War…OK. Am Ende vielleicht ein bisschen zu viele glückliche Zufälle aber für mich hielt sich das noch im erträglichen Rahmen. Und schließlich ist Germania kein typischer Krimi, der in einem (mehr oder weniger) demokratischen Land spielt, mit einem Ermittler der klare Befugnisse hat sondern ein Krimi mit einem jüdischen Ermittler in Berlin 1944. Wenn man da trotzdem noch einen typischen Krimi mit Ermitteln, Hinweisen und einem Täter der klar identifiziert (und bestraft) will, dürfte es schwierig sein das ohne den einen oder sehr glücklichen Zufall zu schaffen.

 

3) Hm…ja

 

Und dann ist da natürlich noch die ganze Prämisse. Die mich auch erst sehr skeptisch gemacht hat, weil ich befürchtet habe der Autor würde ‚jüdischer Ermittler in Nazi-Deutschland‘ nur als eine Art Gimmick verwenden. Frei nach dem Motto ‚da können die ganzen Skandinavischen Kommissare noch so traurig schauen, so tragisch wird ihr Leben nie‘ aber die Befürchtung war unbegründet. Trotzdem hätte man es sicher auch besser machen können. Wie die Krimihandlung und das Buch an sich ist es einfach mittelmäßig. Vielleicht ein bisschen besser, da z.B. Begegnungen zwischen Oppenheimer und alten Bekannten, die ihm sagen, dass sie ja nichts gegen ihn persönlich haben aber die Juden an sich… tatsächlich so stehen gelassen werden und ohne anschließend Erklärung was er von solchen Kommentaren hält auskommt.
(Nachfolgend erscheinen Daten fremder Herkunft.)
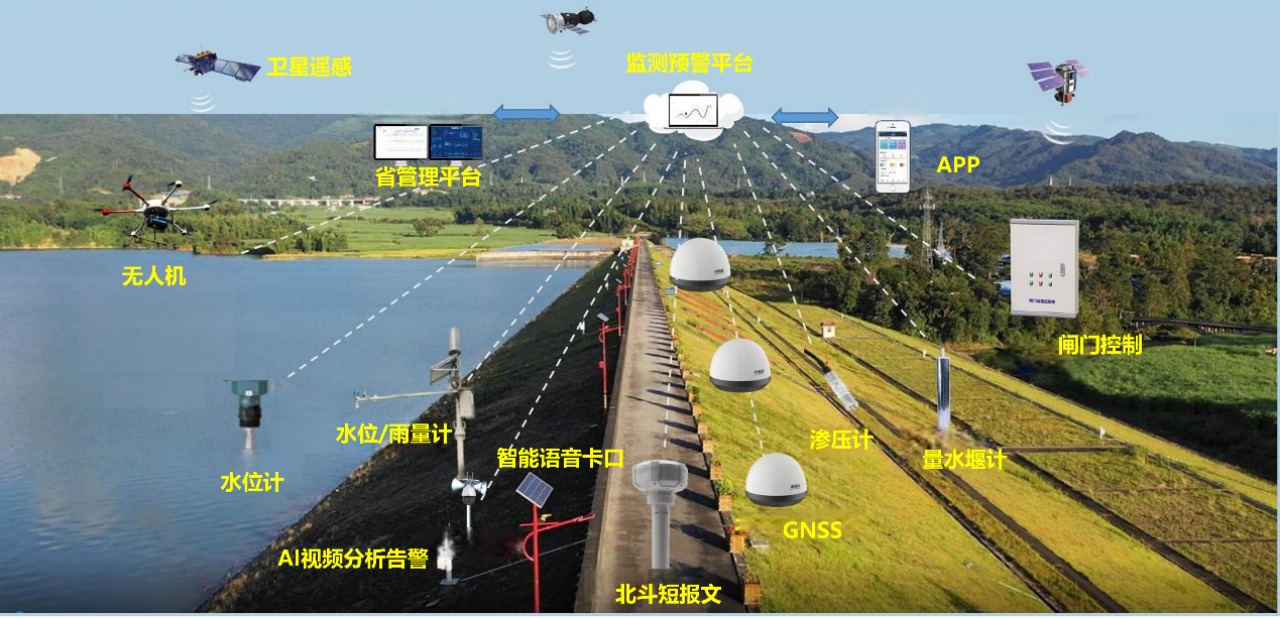 水庫安全監(jiān)測預警解決方案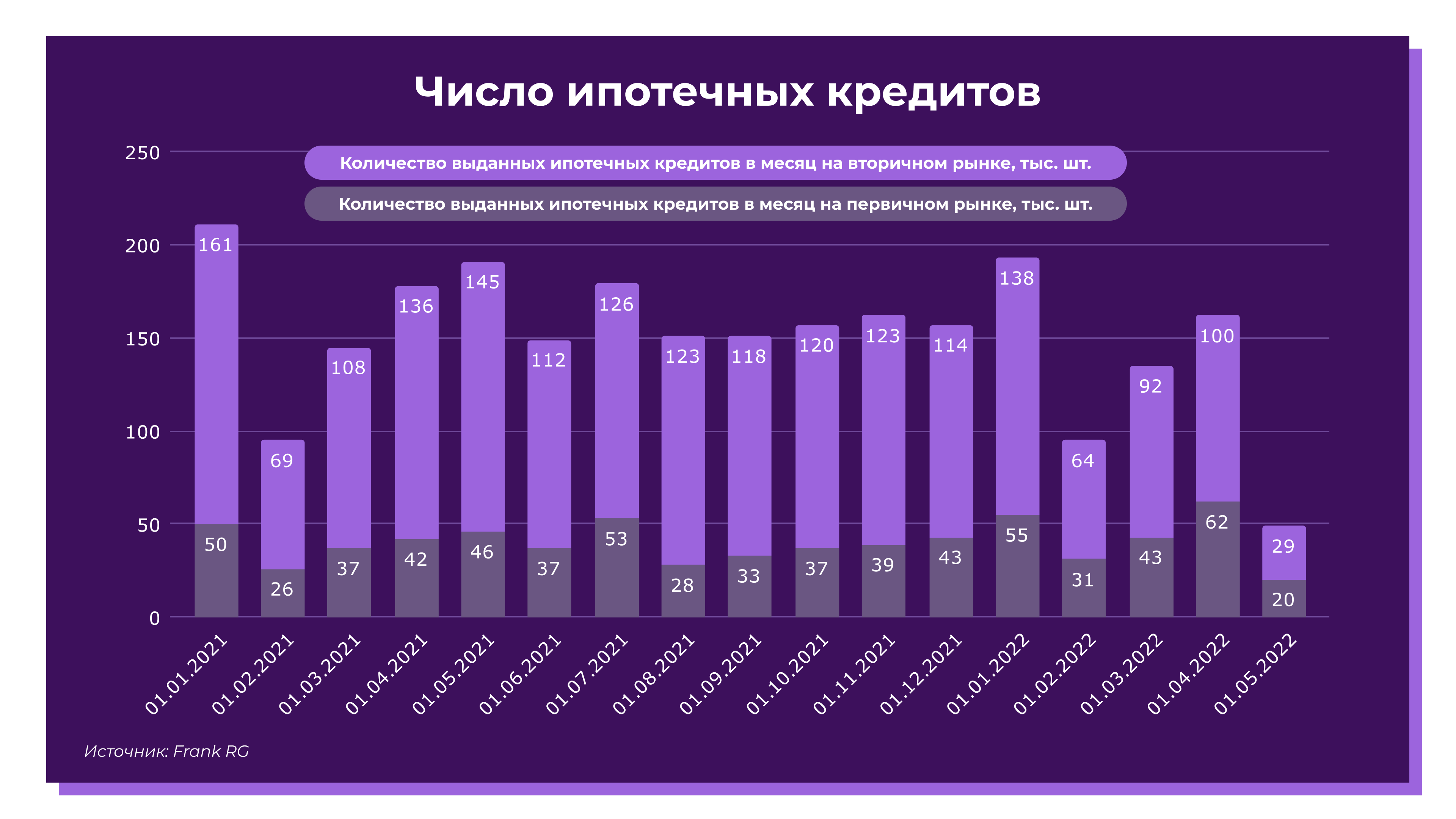 Число ипотечных кредитов в России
Aber das geht dann stellenweise wieder zu sehr in die andere Richtung. Nach knapp der Hälfte des Buches fängt Oppenheimer nämlich an ein doppeltes Spiel zu spielen und Informationen an jemanden weiterzugeben, von dem er hofft, dass er ihn aus Deutschland rausschmuggeln kann und…das tut er einfach. Ohne das irgendwie darauf eingegangen wird, was passiert wenn das rauskommt. Zwar erwarte ich nicht, dass er ständig darüber nachdenkt aber dass er es gar nicht tut, ist auch schwer zu glauben.

 

Alles in allem: durchschnittlicher Durchschnitt aus dem man hätte mehr machen können. Band zwei höre ich vielleicht irgendwann mal, aber eigentlich hab ich genug andere Hörbücher.